Similarly the mere existence of a daughter is not sufficient to
rebut the presumption and detailed discussion was made in Para
No.4 of the judgment on the question of authority, the law in the
State of Mysore is to be found in Mysore Act 10 of 1933 entitled
Hindu Law Woman's Rights Act, 1933 and Section 9(1) of the
Act.
25. Having read Section 9 of the Hindu Law Womans
Rights Act, 1933 as well as the judgment of the Apex Court, it is
clear that under Mysore Act 10 of 1933, a widow has authority
for adoption and presumption has to be rebutted. The principle
is also very clear that the law as it stood in Mysore at the
relevant time did not require a widow to proclaim to anyone that
she had an authority to adopt a son to her husband. The law on
the other hand was that she could make an adoption unless she
was expressly prohibited from doing so, there was no express
prohibition in taking adoption of defendant No.1, who is none
other than the son of brother of Nanjamma. The fact that no
mention of authority was made in the deed, therefore would not
go to rebut the presumption.
26. In the case on hand, there is a specific averment in
the document of Ex.D2 that adoption has taken place in the year
1954 itself, when her husband gave authority to take defendant
No.1 in adoption and it is also stated that the defendant No.1
was living along with them, even prior to adoption in the year
1954. It is also important to note that the main contention of
the appellant/defendant No.1 before the Trial Court is that
immediately after the adoption deed came into existence in the
year 1954, Nanjamma had sold three items of property vide sale
deeds dated 29.02.1956 itself, wherein reference is made that
the defendant No.1 is her adopted son. It is also important to
note that the document of sale deeds are also marked as Exs.D3
to D5 which came into existence in the year 1956 itself. Having
referred those documents, there is a clear recital that Nanjamma
had adopted the defendant No.1 and reference is made with
regard to sale of properties on her behalf and on behalf of her
adopted son and the said sale is also not in dispute and the only
contention is that original sale deeds were not summoned. When
the documents are registered in the year 1956 and are not in the
custody of the defendant No.1, the question of producing the
original primary evidence does not arise, since certified copies
are marked and the said transactions have taken place in the
year 1956 itself and the presumption of documents and
presumption of adoption are not rebutted. There is no any
express provision of prohibition in taking adoption.

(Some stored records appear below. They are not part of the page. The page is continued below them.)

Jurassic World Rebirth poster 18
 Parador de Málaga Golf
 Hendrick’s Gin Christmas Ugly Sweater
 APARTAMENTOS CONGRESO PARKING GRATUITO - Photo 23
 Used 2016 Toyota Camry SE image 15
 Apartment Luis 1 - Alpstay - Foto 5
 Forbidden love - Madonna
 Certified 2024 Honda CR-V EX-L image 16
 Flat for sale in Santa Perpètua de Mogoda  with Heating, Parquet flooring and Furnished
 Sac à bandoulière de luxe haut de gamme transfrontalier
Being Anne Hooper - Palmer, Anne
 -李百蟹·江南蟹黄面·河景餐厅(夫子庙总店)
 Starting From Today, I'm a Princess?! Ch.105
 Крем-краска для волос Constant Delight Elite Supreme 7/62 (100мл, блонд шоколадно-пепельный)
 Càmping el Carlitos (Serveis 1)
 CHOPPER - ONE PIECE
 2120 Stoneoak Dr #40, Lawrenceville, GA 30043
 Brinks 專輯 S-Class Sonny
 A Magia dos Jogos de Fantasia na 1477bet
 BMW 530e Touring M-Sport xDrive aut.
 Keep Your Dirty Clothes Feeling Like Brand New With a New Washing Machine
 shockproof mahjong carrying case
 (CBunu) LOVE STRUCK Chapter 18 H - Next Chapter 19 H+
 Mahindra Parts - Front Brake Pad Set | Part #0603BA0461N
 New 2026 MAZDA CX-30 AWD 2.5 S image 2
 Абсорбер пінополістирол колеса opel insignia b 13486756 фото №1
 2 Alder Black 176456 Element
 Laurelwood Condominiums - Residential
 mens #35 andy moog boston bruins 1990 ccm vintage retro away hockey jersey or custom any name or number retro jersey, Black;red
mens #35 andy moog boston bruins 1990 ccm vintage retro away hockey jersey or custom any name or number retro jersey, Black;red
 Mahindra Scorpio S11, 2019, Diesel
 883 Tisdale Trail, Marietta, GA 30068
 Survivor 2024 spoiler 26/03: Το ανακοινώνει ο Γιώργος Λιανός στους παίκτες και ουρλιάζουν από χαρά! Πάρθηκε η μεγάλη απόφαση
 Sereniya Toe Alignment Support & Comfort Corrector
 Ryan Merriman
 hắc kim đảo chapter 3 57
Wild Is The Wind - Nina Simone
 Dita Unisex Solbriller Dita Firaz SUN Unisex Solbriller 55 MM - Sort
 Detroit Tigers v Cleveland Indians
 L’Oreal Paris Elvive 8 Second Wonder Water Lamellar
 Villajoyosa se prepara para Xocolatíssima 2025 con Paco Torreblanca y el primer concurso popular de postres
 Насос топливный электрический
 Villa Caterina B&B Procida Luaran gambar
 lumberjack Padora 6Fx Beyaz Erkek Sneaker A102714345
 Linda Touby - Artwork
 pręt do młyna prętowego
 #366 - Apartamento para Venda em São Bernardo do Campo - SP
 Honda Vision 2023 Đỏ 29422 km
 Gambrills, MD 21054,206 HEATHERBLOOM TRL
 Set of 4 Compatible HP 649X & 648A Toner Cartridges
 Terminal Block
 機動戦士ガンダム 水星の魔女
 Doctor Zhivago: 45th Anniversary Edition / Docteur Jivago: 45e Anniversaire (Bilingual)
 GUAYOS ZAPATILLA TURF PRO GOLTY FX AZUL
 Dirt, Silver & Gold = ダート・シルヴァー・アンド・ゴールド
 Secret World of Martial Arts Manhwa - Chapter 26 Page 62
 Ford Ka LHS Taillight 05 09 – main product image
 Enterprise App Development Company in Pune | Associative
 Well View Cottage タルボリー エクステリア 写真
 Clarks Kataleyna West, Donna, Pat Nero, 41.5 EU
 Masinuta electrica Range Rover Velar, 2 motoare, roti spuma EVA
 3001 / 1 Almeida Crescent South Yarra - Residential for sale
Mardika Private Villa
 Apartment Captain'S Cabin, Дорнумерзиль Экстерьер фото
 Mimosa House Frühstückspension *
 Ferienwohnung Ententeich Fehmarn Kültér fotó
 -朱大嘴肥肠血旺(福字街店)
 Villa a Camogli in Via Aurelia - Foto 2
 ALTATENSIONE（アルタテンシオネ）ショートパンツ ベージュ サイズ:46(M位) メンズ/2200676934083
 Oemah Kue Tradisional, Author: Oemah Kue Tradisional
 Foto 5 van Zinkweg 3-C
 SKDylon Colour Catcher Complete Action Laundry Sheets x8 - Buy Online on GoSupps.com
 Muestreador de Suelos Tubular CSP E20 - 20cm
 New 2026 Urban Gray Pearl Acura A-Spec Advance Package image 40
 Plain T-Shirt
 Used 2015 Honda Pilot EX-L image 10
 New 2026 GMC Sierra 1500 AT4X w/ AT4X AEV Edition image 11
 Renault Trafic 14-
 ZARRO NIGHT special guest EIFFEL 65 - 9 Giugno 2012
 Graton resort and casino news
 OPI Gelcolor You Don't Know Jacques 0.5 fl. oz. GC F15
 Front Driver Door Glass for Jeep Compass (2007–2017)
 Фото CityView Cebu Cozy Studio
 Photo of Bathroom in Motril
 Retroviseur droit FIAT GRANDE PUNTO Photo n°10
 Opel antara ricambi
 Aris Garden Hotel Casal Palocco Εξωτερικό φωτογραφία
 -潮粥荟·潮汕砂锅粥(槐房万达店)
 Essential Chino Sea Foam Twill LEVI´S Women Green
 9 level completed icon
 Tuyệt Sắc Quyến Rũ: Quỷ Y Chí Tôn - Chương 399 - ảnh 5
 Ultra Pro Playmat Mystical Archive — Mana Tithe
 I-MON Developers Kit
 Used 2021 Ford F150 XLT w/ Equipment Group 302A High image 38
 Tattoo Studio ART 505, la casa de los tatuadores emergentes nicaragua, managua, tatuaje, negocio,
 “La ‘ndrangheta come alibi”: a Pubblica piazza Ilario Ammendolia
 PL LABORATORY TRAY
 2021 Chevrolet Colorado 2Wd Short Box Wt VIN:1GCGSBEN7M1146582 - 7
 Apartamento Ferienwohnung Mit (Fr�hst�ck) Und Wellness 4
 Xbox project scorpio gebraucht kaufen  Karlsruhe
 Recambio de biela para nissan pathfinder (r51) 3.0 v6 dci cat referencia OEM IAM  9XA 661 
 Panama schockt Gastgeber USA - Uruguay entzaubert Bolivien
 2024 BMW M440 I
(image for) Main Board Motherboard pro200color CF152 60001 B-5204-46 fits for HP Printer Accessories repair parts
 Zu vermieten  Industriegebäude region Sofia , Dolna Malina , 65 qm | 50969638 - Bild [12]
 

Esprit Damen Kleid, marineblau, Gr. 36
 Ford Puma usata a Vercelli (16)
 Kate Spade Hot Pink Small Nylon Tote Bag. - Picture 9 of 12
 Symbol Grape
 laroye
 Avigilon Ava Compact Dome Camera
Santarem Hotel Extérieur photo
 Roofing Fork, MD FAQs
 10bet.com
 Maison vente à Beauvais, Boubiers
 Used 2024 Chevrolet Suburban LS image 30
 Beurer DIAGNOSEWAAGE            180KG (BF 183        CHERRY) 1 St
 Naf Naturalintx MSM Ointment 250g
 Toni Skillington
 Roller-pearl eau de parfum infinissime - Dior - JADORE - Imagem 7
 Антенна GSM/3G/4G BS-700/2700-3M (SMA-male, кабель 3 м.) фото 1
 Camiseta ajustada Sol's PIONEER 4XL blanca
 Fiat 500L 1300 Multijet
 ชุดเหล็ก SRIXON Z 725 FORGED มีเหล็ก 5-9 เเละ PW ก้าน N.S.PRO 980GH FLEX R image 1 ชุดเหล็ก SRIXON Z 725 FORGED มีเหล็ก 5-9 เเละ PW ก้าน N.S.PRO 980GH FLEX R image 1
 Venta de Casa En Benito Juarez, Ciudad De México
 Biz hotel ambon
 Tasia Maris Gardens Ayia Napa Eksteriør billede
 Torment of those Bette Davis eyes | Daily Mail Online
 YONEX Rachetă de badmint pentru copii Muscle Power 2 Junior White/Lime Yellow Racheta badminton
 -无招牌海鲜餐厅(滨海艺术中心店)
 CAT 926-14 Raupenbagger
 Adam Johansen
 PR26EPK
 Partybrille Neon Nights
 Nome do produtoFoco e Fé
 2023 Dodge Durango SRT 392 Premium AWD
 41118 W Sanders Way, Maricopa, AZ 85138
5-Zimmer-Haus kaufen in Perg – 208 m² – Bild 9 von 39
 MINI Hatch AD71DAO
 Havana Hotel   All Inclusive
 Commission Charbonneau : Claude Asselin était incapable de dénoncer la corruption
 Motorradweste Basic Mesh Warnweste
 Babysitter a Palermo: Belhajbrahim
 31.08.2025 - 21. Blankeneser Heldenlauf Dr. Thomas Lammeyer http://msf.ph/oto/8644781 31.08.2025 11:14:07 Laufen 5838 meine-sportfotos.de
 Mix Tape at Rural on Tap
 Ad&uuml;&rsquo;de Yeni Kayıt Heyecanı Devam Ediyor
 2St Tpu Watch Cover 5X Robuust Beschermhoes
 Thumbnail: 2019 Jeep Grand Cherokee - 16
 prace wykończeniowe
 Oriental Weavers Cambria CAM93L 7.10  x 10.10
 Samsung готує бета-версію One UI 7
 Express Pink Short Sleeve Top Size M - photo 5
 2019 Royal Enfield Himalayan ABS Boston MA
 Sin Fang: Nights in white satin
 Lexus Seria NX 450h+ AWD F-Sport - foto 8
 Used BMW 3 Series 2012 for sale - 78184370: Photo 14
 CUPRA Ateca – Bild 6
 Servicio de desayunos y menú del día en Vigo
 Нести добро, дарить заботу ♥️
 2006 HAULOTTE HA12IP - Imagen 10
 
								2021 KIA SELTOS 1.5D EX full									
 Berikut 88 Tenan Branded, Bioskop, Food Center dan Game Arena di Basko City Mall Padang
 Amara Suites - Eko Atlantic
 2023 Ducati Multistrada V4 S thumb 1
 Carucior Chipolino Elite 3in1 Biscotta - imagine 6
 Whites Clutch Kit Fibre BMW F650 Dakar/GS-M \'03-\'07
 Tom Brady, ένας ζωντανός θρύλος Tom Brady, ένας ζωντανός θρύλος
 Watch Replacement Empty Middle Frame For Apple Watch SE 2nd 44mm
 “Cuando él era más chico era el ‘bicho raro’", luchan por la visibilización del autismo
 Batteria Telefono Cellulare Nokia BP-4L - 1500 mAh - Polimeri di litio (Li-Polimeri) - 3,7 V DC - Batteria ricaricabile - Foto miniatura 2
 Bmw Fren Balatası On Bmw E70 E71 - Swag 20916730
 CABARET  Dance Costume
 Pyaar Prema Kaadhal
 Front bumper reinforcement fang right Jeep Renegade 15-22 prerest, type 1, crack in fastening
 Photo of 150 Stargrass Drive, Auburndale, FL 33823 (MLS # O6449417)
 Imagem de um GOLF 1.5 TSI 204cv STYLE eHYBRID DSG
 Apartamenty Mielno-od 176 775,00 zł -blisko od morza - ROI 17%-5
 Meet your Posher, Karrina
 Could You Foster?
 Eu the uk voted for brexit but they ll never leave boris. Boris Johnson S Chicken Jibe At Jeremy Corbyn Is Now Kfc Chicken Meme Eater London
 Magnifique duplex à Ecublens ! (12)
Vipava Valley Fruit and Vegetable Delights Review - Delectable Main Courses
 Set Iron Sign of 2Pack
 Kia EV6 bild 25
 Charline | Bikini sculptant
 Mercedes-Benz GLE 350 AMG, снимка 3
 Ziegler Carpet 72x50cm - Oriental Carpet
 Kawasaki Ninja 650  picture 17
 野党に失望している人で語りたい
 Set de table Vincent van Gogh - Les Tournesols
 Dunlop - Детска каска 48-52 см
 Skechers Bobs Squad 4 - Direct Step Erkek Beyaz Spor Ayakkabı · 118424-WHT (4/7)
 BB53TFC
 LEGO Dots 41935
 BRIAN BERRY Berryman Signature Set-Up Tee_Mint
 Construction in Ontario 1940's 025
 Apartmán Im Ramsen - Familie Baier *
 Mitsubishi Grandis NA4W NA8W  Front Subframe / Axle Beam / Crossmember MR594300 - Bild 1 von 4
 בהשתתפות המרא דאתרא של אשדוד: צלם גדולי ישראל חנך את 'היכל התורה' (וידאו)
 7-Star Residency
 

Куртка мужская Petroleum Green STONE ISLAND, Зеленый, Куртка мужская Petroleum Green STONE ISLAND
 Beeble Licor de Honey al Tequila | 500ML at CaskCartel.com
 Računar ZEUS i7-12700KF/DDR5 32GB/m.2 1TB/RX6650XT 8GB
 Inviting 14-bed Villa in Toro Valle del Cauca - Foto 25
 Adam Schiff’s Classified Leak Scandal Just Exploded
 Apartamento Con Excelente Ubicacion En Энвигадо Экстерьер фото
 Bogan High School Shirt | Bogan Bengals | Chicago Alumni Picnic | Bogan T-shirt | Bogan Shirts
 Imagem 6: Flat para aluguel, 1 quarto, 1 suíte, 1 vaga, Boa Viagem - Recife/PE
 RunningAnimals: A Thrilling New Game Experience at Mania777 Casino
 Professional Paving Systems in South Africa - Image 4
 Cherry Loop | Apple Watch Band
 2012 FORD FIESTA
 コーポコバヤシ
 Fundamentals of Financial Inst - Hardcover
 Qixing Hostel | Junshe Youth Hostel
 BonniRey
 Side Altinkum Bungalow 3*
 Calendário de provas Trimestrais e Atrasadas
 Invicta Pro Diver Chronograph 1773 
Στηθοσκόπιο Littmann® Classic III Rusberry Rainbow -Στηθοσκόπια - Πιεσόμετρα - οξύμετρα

27. Learned counsel for the appellant also relied upon
the judgment of the Apex Court in SRI LAKHI BARUAH AND
OTHERS VS. SRI PADMA KANTA KALITA AND OTHERS
reported in AIR 1996 SC 1253 and brought to notice of this
Court Para No.15, wherein the Apex Court has observed that
Section 90 of the Evidence Act is founded on necessity and
convenience because it is extremely difficult and sometimes not
possible to lead evidence to prove handwriting, signature or
execution of old documents after lapse of thirty years. In order
to obviate such difficulties or improbabilities to prove execution
of an old document. Section 90 has been incorporated in the
Evidence Act, which does away with the strict rule of proof of
private documents. Presumption of genuineness may be raised if
documents in question is produced from proper custody. It is,
however, the discretion of the Court to accept the presumption
flowing from Section 90. There is, however, no manner of Court
that judicial discretion under Section 90 should not be exercised
arbitrarily and not being informed by reasons. In Para No.17
also, the Apex Court held the position since the aforesaid Privy
Council decisions being followed by later decisions of different
High Courts is that presumption under Section 90 does not apply
to a copy or a certified copy even though thirty years old : but if
a foundation is laid for the admission of secondary evidence
under Section 65 of the Evidence Act by proof of loss or
destruction of the original and the copy which is thirty years old
is produced from proper custody, then only the signature
authenticating the copy may under Section 90 be presumed to
be genuine.
28. The Apex Court in the judgment in GOSWAMI
SHREE VALLABHALAJI VS. GOSWAMINI SHREE
MAHALAXMI BAHUJI MAHARAJ AND ANOTHER reported in
AIR 1962 SC 356 in Para No.24, which I have already
discussed (supra) observed that is clear that the necessity of
consent of the husband's sapindas would arise, if the Madras
School of Mitakshara law was applicable only where there was no
authority from the husband. I have already pointed out that in
the document of Ex.D2, it is specifically mentioned with regard
to the fact that authority was given to Nanjamma and it is also
stated that even prior to execution of document, formalities were
done and the same is also spoken by P.W.1 in his evidence. It is
also clear that though the adoption deed which is marked as
Ex.D2 is not by both the parents, the fact that the natural father
had attested the document of registered adoption deed executed
in the year 1954 is not disputed. Though the said document is
not in terms of giving and taking ceremony consequent upon the
Hindu Succession Act, 1956, but the very attestation by the
natural father is clear that he gave consent for adopting
defendant No.1 as the son of Nanjamma and the same has taken
place prior to 1956. The principles laid down in the judgments of
the Apex Court in SRI LAKHI BARUAH's case and GOSWAMI
SHREE VALLABHALALJI's case have to be taken note of while
appreciating the material available on record.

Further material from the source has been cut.